• _WORK INSTRUCTION_
Apart from the images, reproduce every record word for word.

• _TASK INPUTS_
========================================

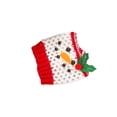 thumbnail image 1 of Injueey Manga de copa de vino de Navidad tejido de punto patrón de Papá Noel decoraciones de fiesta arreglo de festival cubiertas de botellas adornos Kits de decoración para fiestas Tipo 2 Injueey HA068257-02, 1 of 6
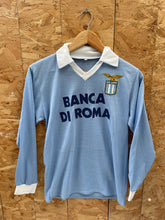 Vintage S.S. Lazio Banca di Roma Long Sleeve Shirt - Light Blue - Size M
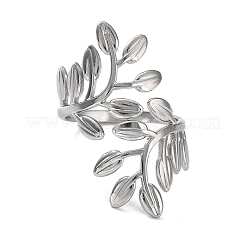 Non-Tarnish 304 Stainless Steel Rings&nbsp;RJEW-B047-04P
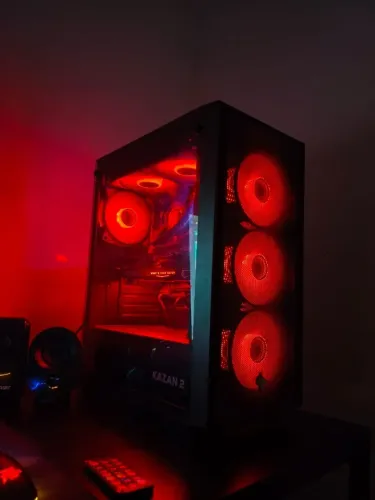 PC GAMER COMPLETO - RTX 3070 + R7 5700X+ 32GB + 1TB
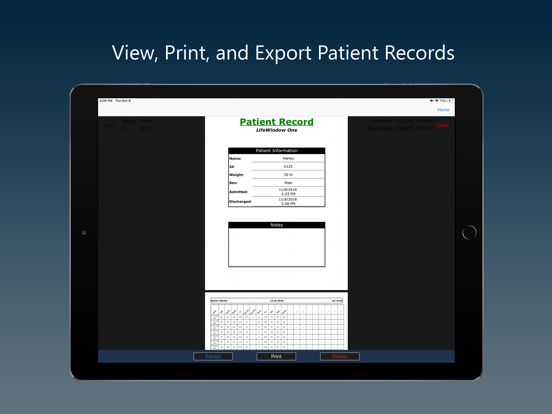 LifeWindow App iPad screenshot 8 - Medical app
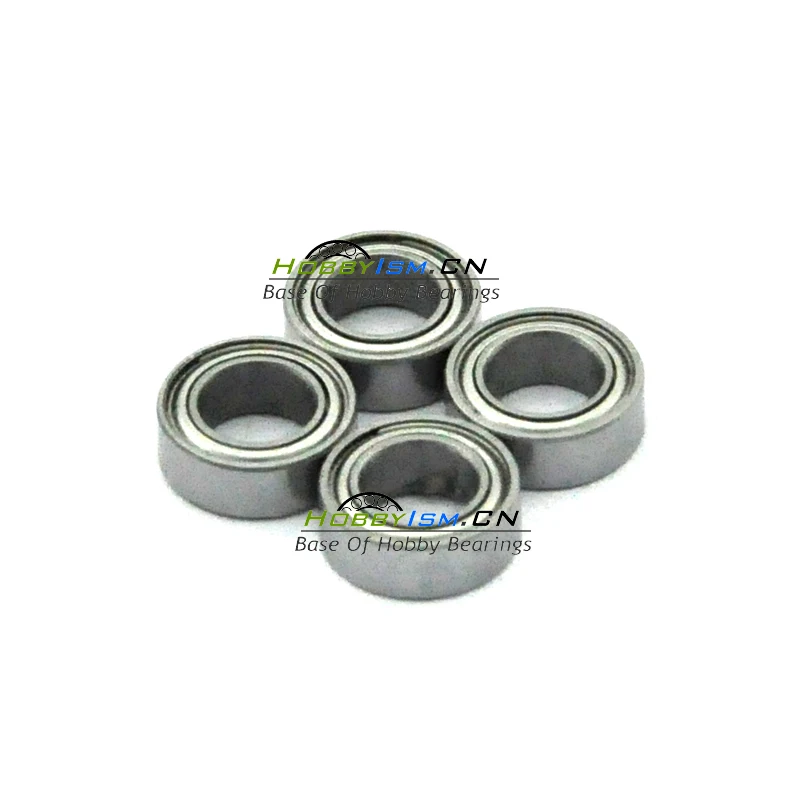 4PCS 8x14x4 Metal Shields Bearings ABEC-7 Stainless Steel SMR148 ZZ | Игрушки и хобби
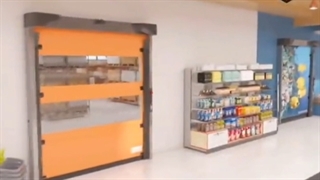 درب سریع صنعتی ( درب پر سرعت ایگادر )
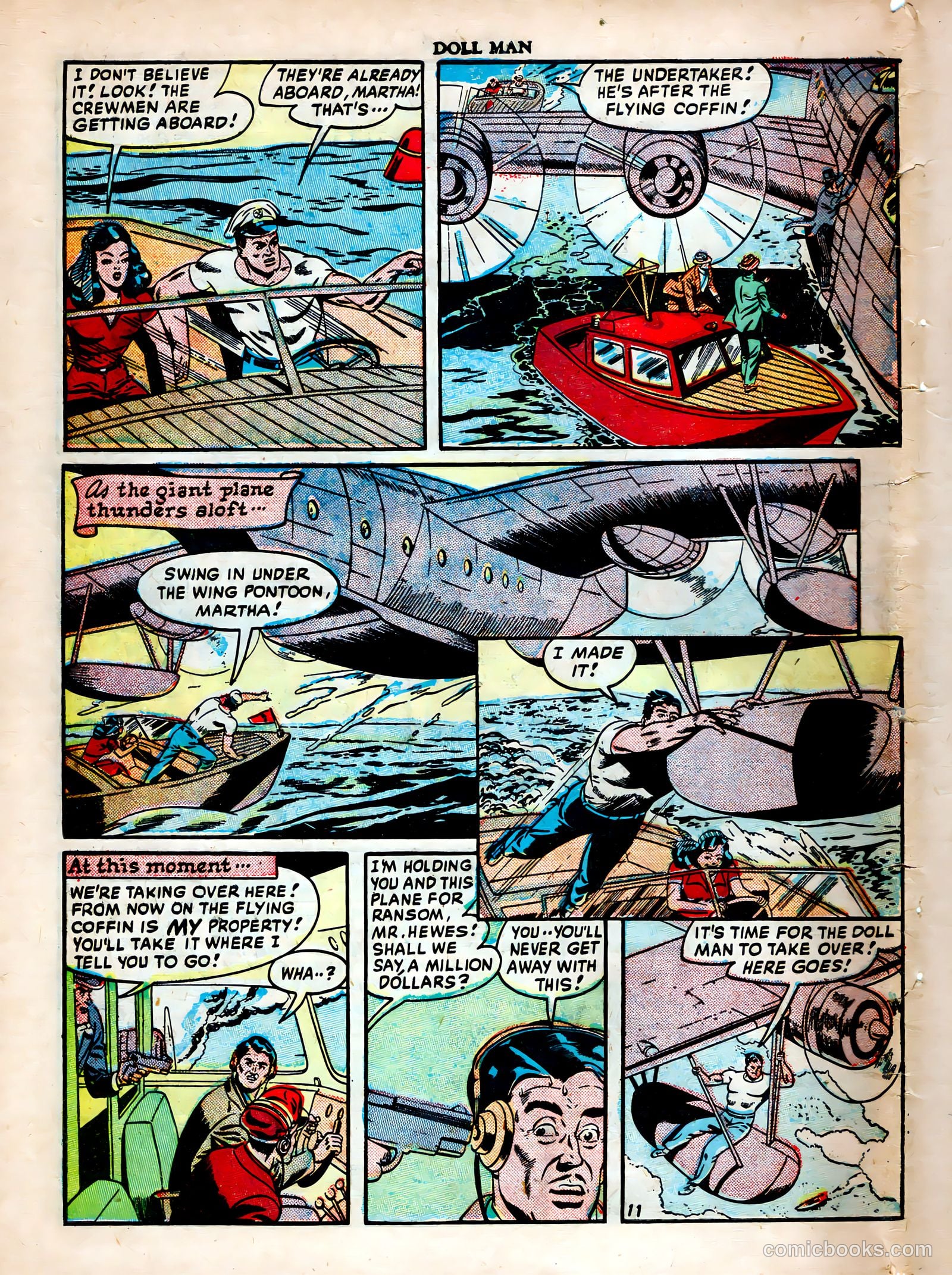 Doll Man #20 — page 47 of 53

========================================

• _EXERCISE ANSWER_
 thumbnail image 1 of Injueey Manga de copa de vino de Navidad tejido de punto patrón de Papá Noel decoraciones de fiesta arreglo de festival cubiertas de botellas adornos Kits de decoración para fiestas Tipo 2 Injueey HA068257-02, 1 of 6
 Vintage S.S. Lazio Banca di Roma Long Sleeve Shirt - Light Blue - Size M
 Non-Tarnish 304 Stainless Steel Rings&nbsp;RJEW-B047-04P
 PC GAMER COMPLETO - RTX 3070 + R7 5700X+ 32GB + 1TB
 LifeWindow App iPad screenshot 8 - Medical app
 4PCS 8x14x4 Metal Shields Bearings ABEC-7 Stainless Steel SMR148 ZZ | Игрушки и хобби
 درب سریع صنعتی ( درب پر سرعت ایگادر )
 Doll Man #20 — page 47 of 53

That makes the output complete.